Mike, welcome and thank you for doing this interview. We are honored to have you with us today.
Mike Clayton: It's pleasure to be here. I'm looking forward to the interview.
PMTips: I am interested to know how your career started and developed over the years. How did you come to pursue writing and become a well-renowned speaker and trainer that specializes in a number of fields?
Mike Clayton: Well, I guess my career has evolved – I started out expecting an academic career and then I realized that wasn't for me. I was in consulting for about 10-12 years all the way through the 90s and into the 2000s working with Deloitte in their London office leading major projects for our clients. So, that's what got me into project management. But when that career was kind of coming to the point where it was no longer what I wanted, I decided to set up as an independent trainer because I so much enjoyed doing training whilst at Deloitte, training our new consultants, both in project management and in general skills. So, I took on a training career, built my own business throughout the first decade, and around about 2008 things were very busy for me.

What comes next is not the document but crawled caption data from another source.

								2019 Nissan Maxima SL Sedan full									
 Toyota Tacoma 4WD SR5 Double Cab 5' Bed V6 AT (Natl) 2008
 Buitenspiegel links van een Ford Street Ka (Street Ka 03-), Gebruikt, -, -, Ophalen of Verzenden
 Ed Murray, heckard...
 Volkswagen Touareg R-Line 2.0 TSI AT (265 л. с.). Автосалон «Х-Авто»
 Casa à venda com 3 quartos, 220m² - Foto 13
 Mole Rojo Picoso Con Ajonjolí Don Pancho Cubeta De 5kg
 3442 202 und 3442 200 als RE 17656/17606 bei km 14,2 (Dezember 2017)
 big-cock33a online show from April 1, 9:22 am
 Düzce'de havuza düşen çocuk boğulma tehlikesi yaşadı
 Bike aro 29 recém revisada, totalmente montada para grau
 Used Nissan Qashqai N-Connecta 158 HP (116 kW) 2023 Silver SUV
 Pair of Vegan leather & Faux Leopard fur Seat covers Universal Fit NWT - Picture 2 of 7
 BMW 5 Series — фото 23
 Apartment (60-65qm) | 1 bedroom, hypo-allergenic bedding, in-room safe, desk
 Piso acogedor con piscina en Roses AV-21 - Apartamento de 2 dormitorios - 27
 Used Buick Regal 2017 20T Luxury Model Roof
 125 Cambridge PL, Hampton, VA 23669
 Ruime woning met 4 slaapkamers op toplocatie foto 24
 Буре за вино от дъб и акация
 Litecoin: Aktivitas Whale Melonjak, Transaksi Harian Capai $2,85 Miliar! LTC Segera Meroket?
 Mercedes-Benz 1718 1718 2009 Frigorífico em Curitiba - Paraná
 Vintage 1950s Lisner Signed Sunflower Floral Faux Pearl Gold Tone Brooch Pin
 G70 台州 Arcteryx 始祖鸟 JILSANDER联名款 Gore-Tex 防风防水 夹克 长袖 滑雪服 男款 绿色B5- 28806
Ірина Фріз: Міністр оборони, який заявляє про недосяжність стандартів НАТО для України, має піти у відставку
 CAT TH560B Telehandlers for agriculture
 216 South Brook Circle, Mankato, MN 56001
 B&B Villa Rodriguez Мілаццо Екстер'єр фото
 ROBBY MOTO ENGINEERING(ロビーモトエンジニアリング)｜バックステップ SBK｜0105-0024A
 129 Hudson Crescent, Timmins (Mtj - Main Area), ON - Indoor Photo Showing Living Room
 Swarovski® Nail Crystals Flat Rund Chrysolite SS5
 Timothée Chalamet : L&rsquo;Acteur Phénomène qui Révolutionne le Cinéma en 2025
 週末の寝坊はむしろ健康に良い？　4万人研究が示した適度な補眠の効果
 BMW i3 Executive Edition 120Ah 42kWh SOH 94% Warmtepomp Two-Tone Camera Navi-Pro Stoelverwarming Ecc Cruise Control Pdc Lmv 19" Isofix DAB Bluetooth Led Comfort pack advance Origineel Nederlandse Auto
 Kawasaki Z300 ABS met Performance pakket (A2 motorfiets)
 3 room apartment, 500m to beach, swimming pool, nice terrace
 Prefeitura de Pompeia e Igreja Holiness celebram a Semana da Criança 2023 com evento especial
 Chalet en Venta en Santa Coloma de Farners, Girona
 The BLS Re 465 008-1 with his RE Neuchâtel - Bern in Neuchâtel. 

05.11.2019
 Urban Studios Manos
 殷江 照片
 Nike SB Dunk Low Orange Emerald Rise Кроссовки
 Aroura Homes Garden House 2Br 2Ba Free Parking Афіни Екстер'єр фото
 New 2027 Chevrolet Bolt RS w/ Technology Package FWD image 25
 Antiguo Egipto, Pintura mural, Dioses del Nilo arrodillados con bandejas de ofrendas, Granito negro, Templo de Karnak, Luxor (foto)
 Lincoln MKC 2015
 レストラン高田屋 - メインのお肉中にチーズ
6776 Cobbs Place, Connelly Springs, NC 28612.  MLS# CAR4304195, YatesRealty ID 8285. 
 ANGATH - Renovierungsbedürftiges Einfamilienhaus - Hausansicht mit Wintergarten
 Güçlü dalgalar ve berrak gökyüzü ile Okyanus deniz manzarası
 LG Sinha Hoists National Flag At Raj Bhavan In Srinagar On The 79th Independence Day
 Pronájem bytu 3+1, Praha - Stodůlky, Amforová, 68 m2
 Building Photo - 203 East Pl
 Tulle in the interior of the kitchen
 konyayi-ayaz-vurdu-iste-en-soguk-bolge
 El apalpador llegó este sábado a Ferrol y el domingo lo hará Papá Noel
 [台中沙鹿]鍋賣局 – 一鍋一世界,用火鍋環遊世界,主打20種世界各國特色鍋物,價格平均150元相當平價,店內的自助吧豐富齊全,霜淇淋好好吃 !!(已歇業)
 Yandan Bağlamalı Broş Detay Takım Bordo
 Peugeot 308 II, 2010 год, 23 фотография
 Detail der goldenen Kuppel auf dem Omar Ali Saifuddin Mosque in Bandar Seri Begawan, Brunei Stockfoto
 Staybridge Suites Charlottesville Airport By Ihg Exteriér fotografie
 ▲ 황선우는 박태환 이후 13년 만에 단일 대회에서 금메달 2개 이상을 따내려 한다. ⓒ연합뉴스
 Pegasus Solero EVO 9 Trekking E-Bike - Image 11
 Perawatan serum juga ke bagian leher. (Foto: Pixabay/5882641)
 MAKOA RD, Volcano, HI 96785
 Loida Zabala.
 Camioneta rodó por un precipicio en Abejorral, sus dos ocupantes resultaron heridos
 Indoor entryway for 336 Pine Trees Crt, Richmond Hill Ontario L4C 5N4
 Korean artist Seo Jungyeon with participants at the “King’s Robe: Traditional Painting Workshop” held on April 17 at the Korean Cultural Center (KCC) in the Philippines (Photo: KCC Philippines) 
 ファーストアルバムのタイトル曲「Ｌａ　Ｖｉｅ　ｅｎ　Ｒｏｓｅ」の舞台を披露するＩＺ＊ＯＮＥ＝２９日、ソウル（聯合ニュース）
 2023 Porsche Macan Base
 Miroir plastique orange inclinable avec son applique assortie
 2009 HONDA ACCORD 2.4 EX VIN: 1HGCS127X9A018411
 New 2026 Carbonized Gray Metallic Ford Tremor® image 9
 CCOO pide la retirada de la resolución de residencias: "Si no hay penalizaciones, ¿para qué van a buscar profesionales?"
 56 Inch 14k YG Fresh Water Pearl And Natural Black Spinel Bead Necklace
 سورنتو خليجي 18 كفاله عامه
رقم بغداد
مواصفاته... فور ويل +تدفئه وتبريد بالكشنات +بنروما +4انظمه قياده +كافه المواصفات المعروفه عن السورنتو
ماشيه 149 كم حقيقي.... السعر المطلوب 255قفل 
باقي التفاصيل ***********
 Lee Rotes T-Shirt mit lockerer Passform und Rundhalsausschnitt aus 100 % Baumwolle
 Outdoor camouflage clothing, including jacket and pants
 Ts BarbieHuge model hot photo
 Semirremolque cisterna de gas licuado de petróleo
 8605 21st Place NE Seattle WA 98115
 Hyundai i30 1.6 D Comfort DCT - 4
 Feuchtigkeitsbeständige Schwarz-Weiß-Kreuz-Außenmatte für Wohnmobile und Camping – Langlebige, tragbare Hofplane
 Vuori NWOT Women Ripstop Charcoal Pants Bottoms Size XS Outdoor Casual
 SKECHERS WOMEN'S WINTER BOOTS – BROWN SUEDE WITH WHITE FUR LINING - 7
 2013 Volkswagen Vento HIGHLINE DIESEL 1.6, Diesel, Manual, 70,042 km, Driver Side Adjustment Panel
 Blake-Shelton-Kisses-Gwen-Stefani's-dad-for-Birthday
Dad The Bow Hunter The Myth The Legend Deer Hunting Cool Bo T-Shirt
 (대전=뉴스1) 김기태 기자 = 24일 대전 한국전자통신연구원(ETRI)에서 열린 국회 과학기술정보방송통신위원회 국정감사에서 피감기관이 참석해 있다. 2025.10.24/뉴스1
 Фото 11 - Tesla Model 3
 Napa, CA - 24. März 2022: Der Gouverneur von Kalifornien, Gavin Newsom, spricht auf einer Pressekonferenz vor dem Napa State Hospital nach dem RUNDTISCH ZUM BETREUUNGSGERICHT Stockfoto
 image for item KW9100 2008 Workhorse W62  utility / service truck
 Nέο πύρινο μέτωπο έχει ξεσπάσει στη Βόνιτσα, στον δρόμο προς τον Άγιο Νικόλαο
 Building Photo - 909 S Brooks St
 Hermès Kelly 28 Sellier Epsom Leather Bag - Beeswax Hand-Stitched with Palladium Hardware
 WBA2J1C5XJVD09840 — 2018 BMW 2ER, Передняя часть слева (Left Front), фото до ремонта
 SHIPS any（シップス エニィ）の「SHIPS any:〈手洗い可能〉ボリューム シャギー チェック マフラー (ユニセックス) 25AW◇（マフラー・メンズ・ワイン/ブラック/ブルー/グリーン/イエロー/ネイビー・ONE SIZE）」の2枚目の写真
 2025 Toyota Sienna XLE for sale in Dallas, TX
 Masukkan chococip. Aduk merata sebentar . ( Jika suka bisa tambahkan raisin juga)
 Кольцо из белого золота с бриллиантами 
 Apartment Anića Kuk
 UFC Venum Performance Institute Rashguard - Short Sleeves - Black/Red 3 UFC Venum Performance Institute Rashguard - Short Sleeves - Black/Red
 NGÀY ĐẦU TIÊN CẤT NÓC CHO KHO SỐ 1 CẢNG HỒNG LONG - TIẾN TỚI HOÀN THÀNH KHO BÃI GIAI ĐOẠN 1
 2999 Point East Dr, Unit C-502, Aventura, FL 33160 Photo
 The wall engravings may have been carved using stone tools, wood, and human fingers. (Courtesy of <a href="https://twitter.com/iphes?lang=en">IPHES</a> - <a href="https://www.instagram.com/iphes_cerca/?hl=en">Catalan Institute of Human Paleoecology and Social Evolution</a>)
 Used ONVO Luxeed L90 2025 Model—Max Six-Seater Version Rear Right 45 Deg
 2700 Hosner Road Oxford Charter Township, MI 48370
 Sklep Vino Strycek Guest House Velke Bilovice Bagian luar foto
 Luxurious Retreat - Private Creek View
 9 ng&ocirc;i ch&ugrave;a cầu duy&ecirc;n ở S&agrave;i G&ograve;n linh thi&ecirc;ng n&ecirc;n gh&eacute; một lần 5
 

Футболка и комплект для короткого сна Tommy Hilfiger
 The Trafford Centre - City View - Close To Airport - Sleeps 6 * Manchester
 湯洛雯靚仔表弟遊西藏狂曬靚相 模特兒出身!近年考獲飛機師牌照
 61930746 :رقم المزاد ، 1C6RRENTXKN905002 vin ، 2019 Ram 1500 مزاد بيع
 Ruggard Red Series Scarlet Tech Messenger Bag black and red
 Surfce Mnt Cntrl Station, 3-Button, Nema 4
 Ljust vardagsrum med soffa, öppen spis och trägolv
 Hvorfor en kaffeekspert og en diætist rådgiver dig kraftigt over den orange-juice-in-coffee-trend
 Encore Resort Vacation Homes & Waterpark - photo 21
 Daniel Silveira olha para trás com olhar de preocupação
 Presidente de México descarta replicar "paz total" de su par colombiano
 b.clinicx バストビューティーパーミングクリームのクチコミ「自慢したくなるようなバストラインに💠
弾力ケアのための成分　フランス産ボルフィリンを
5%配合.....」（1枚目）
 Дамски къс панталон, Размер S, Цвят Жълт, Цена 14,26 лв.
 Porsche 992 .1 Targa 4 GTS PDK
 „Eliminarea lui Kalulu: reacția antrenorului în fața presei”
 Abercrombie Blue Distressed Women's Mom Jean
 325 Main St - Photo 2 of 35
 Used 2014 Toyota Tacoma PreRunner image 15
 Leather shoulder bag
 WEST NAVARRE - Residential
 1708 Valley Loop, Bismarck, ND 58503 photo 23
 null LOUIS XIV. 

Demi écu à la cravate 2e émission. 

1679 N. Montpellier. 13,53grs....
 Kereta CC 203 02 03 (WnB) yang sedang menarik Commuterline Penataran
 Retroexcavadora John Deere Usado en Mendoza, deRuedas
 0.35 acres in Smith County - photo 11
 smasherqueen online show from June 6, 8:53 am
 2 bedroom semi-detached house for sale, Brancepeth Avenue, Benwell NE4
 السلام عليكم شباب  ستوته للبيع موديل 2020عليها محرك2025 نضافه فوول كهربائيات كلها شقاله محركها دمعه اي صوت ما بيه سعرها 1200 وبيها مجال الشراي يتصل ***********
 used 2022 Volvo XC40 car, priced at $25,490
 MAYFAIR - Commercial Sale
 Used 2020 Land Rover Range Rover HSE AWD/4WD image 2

I had a lot on, but also my daughter was born in 2008 and I wanted to actually be spending less time out on the road and away from home, and I had the opportunity to start writing. I managed to get a publisher interested in a book, so I started writing in 2008 and found I really enjoyed it. So, that was a large part of my work for the next five, six years or so. And then like many people in training I started looking at converting some of my training into videos, which is a nice kind of crossover between sitting down quietly and writing stuff in my own office and going out and training the staff – I could write the training and deliver it, and craft that into courses. So, it's been an evolution, and I look at my work life as having those kind of four phases of consulting, training, writing and online, but I've never really left any of them completely behind. I've just changed the emphasis and where the balance lies, so today I would say about half of my work life is devoted to, maybe more, to the online and most of the rest to training, but I still write and I still do a little bit of consulting with one or two clients
PMTips: As a Project and Program Manager, you have been involved in the delivery of complex change for a number of large companies. In terms of implementing complex changes within large organizations, are there sure ways that guarantee a positive outcome?
Mike Clayton: If I could tell you what the sure ways were, then I could be a very rich person. There's so many organizations that are implementing large and complex changes and they're not all succeeding - we know that. I think some of the figures that are banded around overemphasize the mistakes and overemphasize the number of failures, because in truth I think a lot of these projects are neither complete failures, nor complete successes. And it's almost a political decision as to how you label them. But I think there are some keys that can do a lot to increasing the certainty around delivery. And I think given that, you know, these days we've got a far more sophisticated understanding of project management, even than when I started, which is you know about 30 years ago.
But, I think the one thing the one constant, the one absolute constant, if I were going to pick out one thing that’s really important, is good stakeholder engagement, because it's your stakeholders who define whether your project is a success or not, or your program, or your portfolio programs even. The stakeholders are the ones who decide whether you've been successful because of that kind of political dimension. And also because if the stakeholders don't engage with whatever it is you're delivering, whether it's a new building or a new process or some new technology, and it doesn't matter if the building matches its specification perfectly – it doesn't matter whether the process works, if your stakeholders aren't using the process properly and engaged with it. If they're not using the building the way it was designed to be built, then it's a failure. So, you've got to engage positively with your stakeholders right from the specification and design stages all the way through to delivery and beyond.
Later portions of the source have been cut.